Using the CVS Repository
Assuming you have CVS installed on your machine and are logged into the repository either anonymously or with write permission, you can check out the RTEMS sources. Issue the following command to check out RTEMS itself:
cvs -d :pserver:firstname.lastname@example.org:/usr1/CVS -z 9 co -P rtems
Or to check out the web site instead, use this command:
cvs -d :pserver:email@example.com:/usr1/CVS -z 9 co -P wwwrtems
Once you've got the repository checked out, cvs update -Pd will sync your local copy with the repository. The -Pd options specify that CVS should account for added and deleted files and directories. See the CVS manual for additional information on how to use CVS.
After checking it out, add the appropriate RTEMS tool directory to the head of your PATH and run bootstrap from the top directory.

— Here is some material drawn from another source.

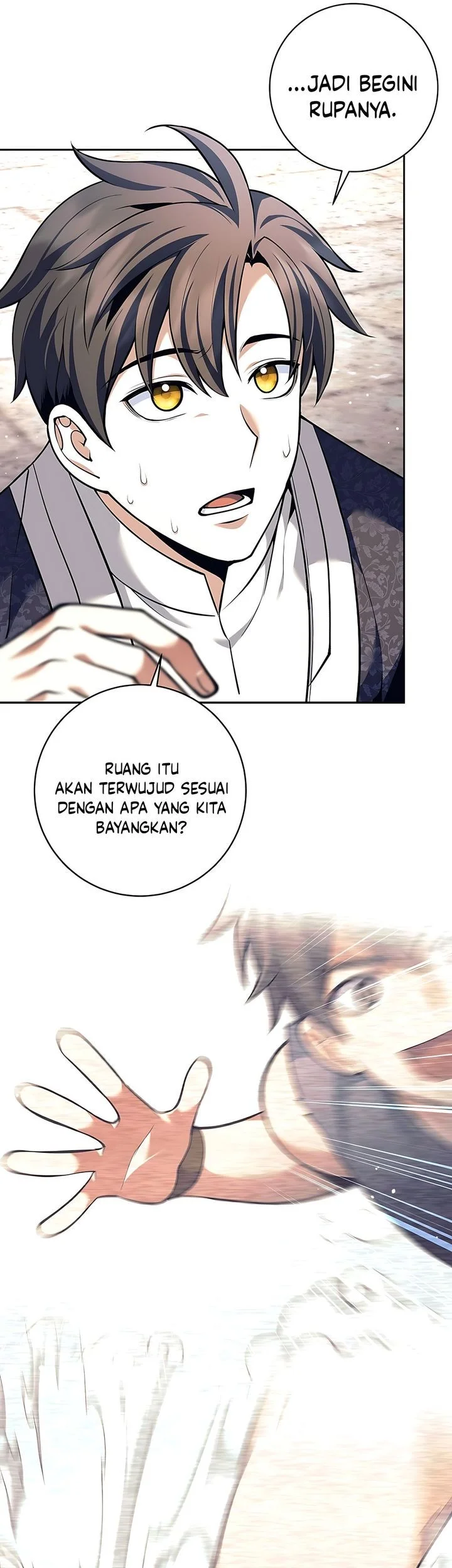 Weapon-Eating Bastard Chapter 78 Gambar 7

In case of problems with the repository at http://www.rtems.org please contact firstname.lastname@example.org.
Our CVS source tree contains a number of files that are generated from other source files by build tools such as Autoconf, Automake, and RPCGEN. Autoconf and Automake are required when using RTEMS from CVS but all other generated files are included in the source tree so that RTEMS can be built without these build tools. The script bootstrap at the top of the RTEMS source tree can be used to generate the files for the entire tree or from any subdirectory with a configure.ac file. See the comments in that script for instructions on running it.

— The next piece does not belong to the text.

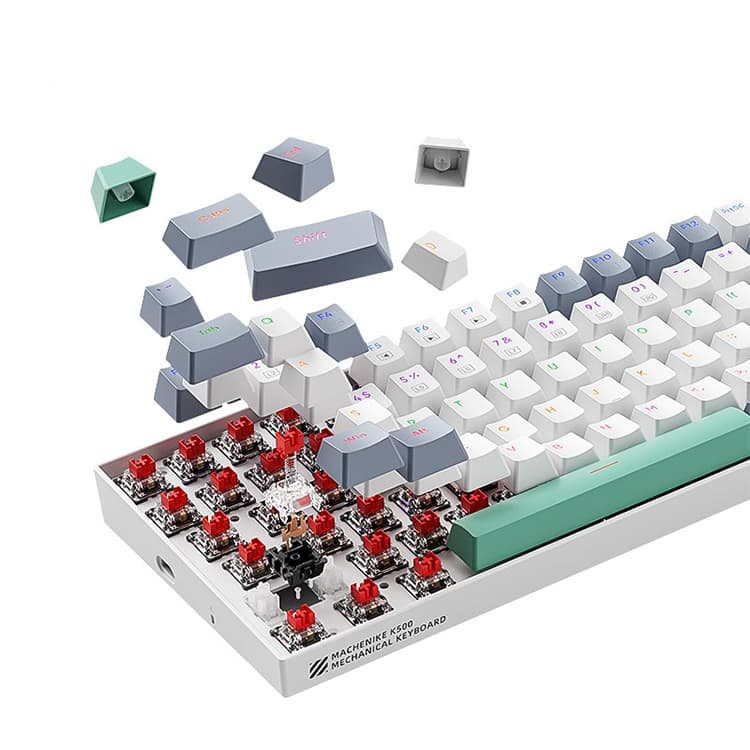 MACHENIKE K500 84PBT - изображение 5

RTEMS's build system (in particular Make) uses file timestamps to determine if a generated file needs to be updated by running a particular build tool. Because of this, RTEMS's build system may believe that a generated file needs regenerating even though its source has not changed, and require a particular build tool to rebuild that generated file. If the appropriate build tool is installed on your system, then this will not be a problem.
None of the files generated by Automake and Autoconf are included in the RTEMS's CVS source tree. They are always included in released source tarballs and generated as part of the snapshot and release procedure. Building RTEMS from the CVS source tree requires installing the above mentioned build tools. Installing these build tools is not particularly difficult, but care should be taken to install them in such a way that they do not override or conflict with those shipped with the host development system.

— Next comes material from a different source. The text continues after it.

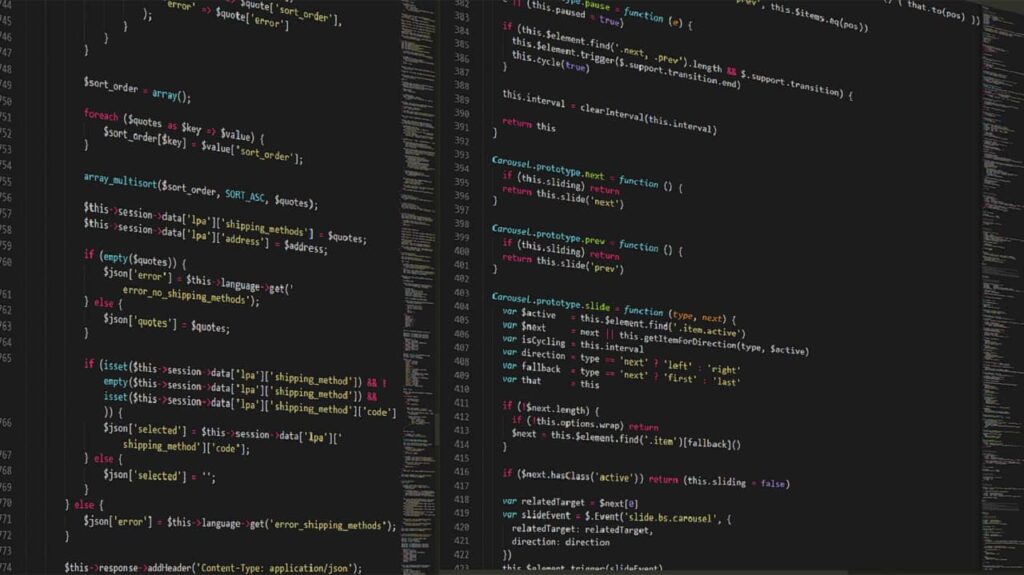 ligne-de-code-programmations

The build tools that RTEMS uses are all available from the GNU Project (see ), are often already available on many systems, and can often be found already built for some systems. A partial list of these build tools is: Autoconf, Automake, and RPCGen.
Conflicts when using cvs update
It is not uncommon to get CVS conflict messages for some generated files when updating your local sources from the CVS repository. Typically such conflicts occur with autoconf generated files.
As long as you haven't been making modifications to the generated files or the generator files, it is safe to delete the offending file, then run cvs update again to get a new copy.
You can check out the latest version of the RTEMS x.y release branch with the following command:
cvs -d :pserver:email@example.com:/usr1/CVS -z 9 co -rrtems-x-y-branch rtems
By changing the -r argument above you can check out particular releases or snapshots or the latest snapshot. Release and snapshot branches
Other CVS modules included in the release are named <module>-XXX-branch. For example, the 4.9 branch of network-demos is named network-demos-4.9-branch.
There are currently no development project branches.